**Input data**
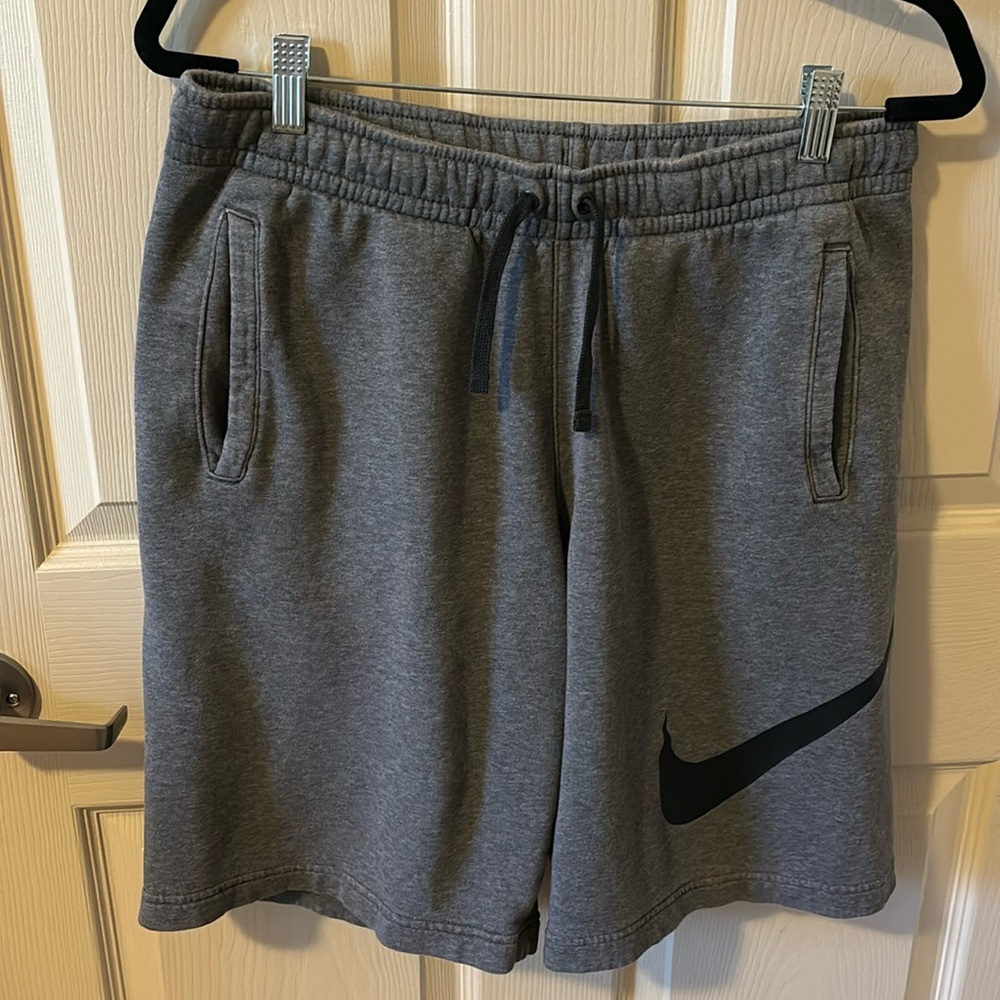 Men’s Gray Nike Shorts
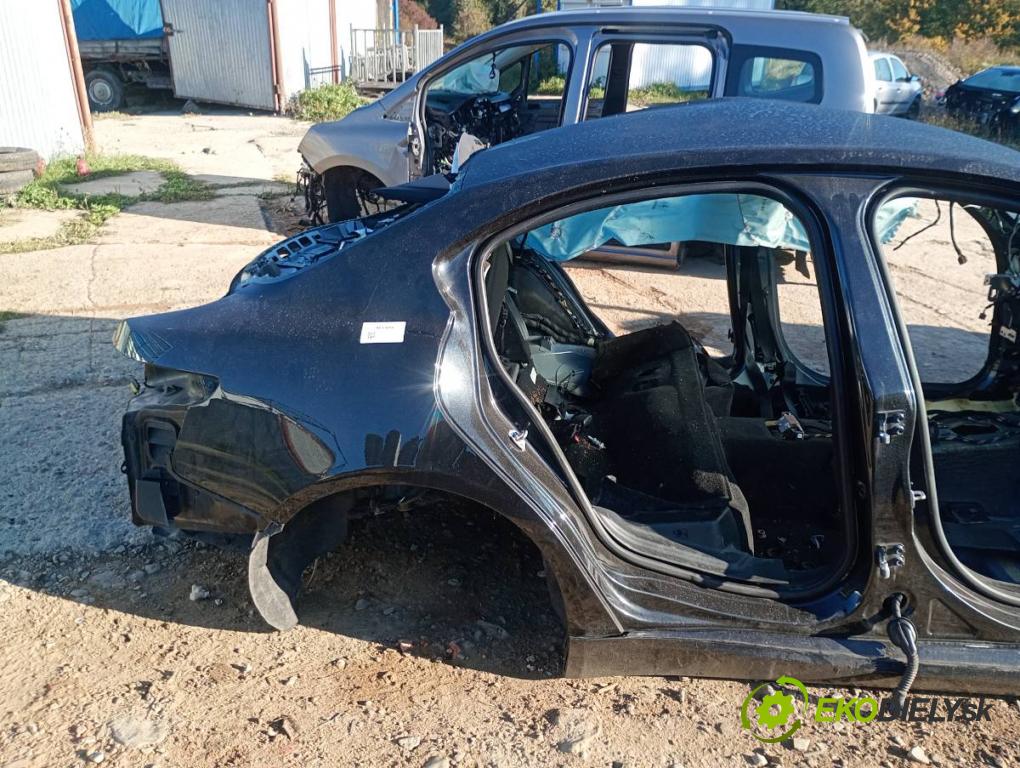 ALFA ROMEO GIULIA sedan 2016 147 kW 2.0 Super (952ABA25B) 1995 karoséria ČTVRŤÁK: Blatník prah strecha PODŁUŻNICA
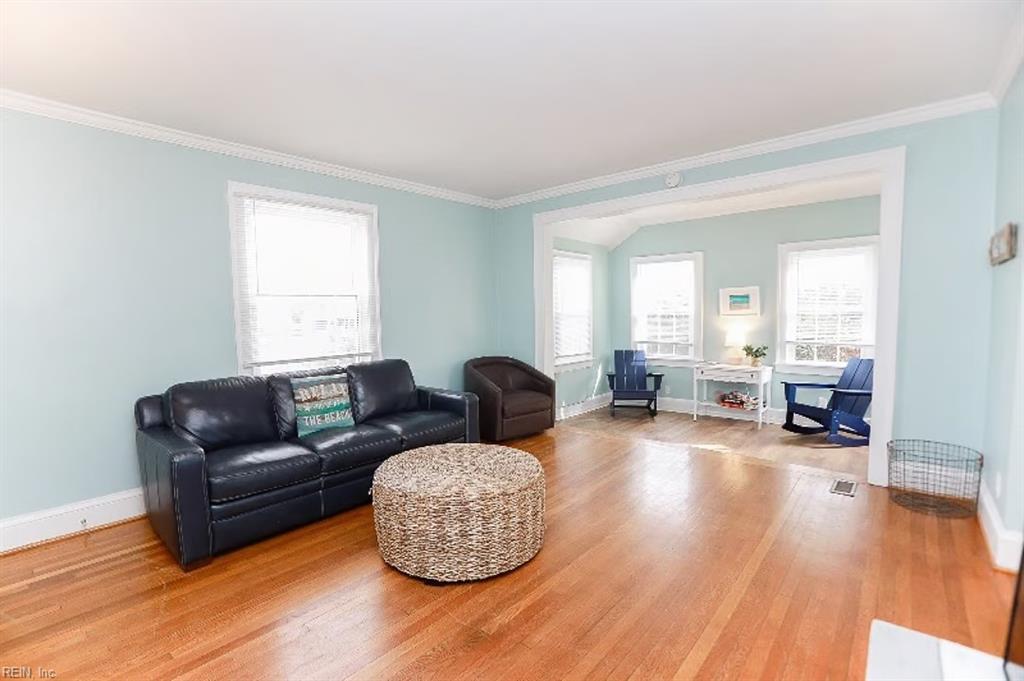 1711 E Ocean View AVE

**Work order**
Return the whole listing, word for word, and leave out every picture.

**Answer to this problem**
 Men’s Gray Nike Shorts
 ALFA ROMEO GIULIA sedan 2016 147 kW 2.0 Super (952ABA25B) 1995 karoséria ČTVRŤÁK: Blatník prah strecha PODŁUŻNICA
 1711 E Ocean View AVE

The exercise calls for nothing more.